This applies to reconnections if the peer has been down, and also to
ramping up the number of connections we are using after startup or in
response to an article flood. The default is 1000s.
- --flush-retry-interval=PERIOD
- If our attempt to flush the feed failed (usually this will be because innd
is not running), try again after PERIOD. The default is
1000s.
- --earliest-deferred-retry=PERIOD
- When the peer responds to our offer of an article with a 431 or 436 NNTP
response code, indicating that the article has already been offered to it
by another of its peers, and that we should try again, we wait at least
PERIOD. before offering the article again.

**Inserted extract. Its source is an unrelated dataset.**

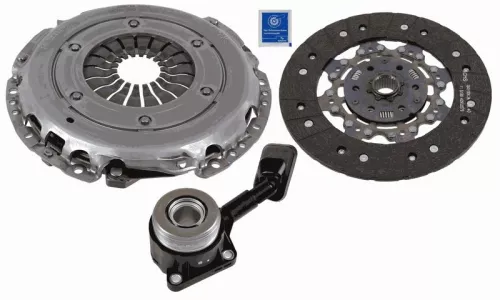 Koppelingsset SACHS 3000 990 446)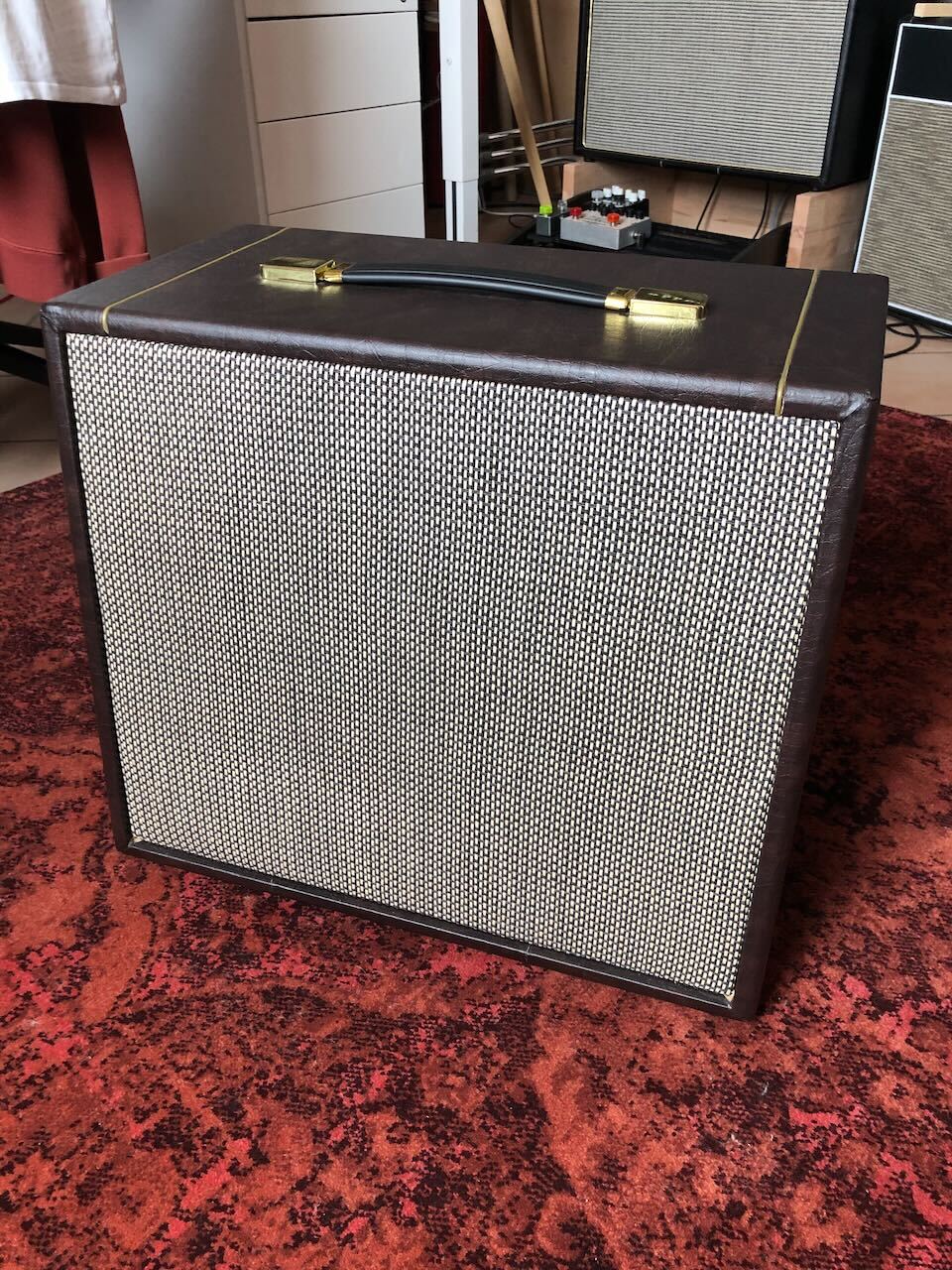Celestion Gold (37520)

The default is
100s.
- --backlog-rescan-interval=BACKLOG-SCAN-PERIOD
- We scan the directory containing feedfile for backlog files at
least every BACKLOG-SCAN-PERIOD, in case the administrator has
manually dropped in a file there for processing. The default is
300s.
- --max-flush-interval=PERIOD
- We flush the feed and start a new feedfile at least every PERIOD
even if the current instance of the feedfile has not reached the size
threshold. The default is 100000s.
- --flush-finish-timeout=FLUSH-FINISH-PERIOD
- If we flushed FLUSH-FINISH-PERIOD ago, and are still trying to
finish processing articles that were written to the old feed file, we
forcibly and violently make sure that we can finish the old feed file: we
abandon and defer all the work, which includes unceremoniously dropping
any connections on which we've sent some of those articles but not yet had
replies, as they're probably stuck somehow. The default is
2000s.
- --idle-timeout=PERIOD
- Connections which have had no activity for PERIOD will be closed.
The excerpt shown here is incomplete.